ACCEPTED: PEP 285

Quinn Dunkan quinn at hurl.ugcs.caltech.edu
Thu Apr 4 15:28:12 EST 2002


On 04 Apr 2002 06:34:33 -0800, Paul Rubin <phr-n2002a at nightsong.com> wrote:
>Guido van Rossum <guido at python.org> writes:
>> > I think there will need to be a format code for truth values:
>> > 
>> >   ("%b" % True) => "True"
>> 
>> There's no need.  "%s" % True already yields 'True'.  if you want
>> coercion to bool, use "%s" % bool(b).
>
>In that case there's also no need for %d, since "%s" % 17 already
>yields '17'.  If ints have a format code and bools don't, one is
>left with the impression that bools aren't as respectable a type
>as ints.  That doesn't seem in the spirit of the PEP.

"'%03s' % 17" is not the same as "'%03d' % 17".

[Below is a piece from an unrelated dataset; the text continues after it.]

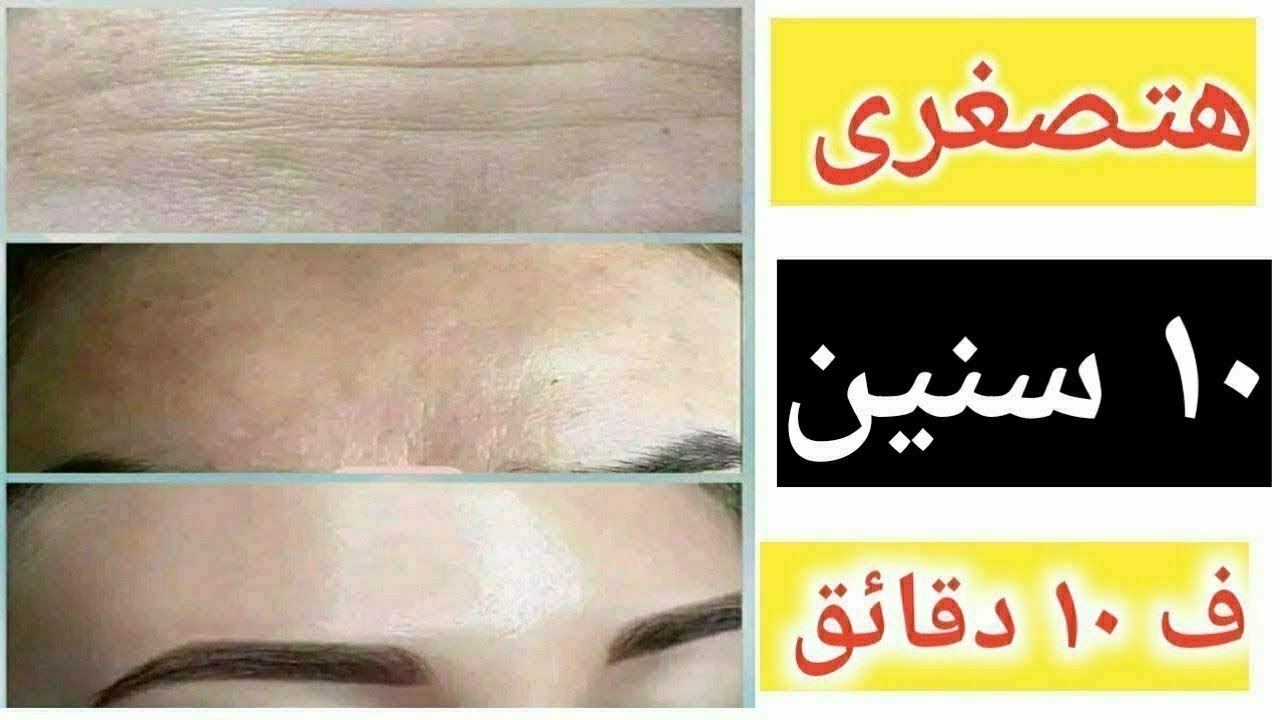 أقسمت لي الصيدلانية! بديل الريتينول بـ 40 جنيه اللي هيصغر سنك 10 سنين في أسبوع 😱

There are really only two types supported by %---numeric types and strings (and
C holdovers like %c (which is just a variant on strings for python)).  And I
think the string formatting is just a clever pun on the meaning of precision
and leading zero.

So % is not really about formatting types, it's about formatting numbers and
strings.  There's no useful interpretation of precision and the other % flags
for booleans, and even if there were I wouldn't want to further overload
things.

The way to format types is to give them  __str__ and use %s.  If you want
formatting with arguments, I think a perfectly reasonable approach is
"'%s ...' % obj.fmt(1, 2)".  You could do "'%(1,2)s ...' % d(obj)" with a
suitably devious definition of d(), but I'd go with obj.fmt().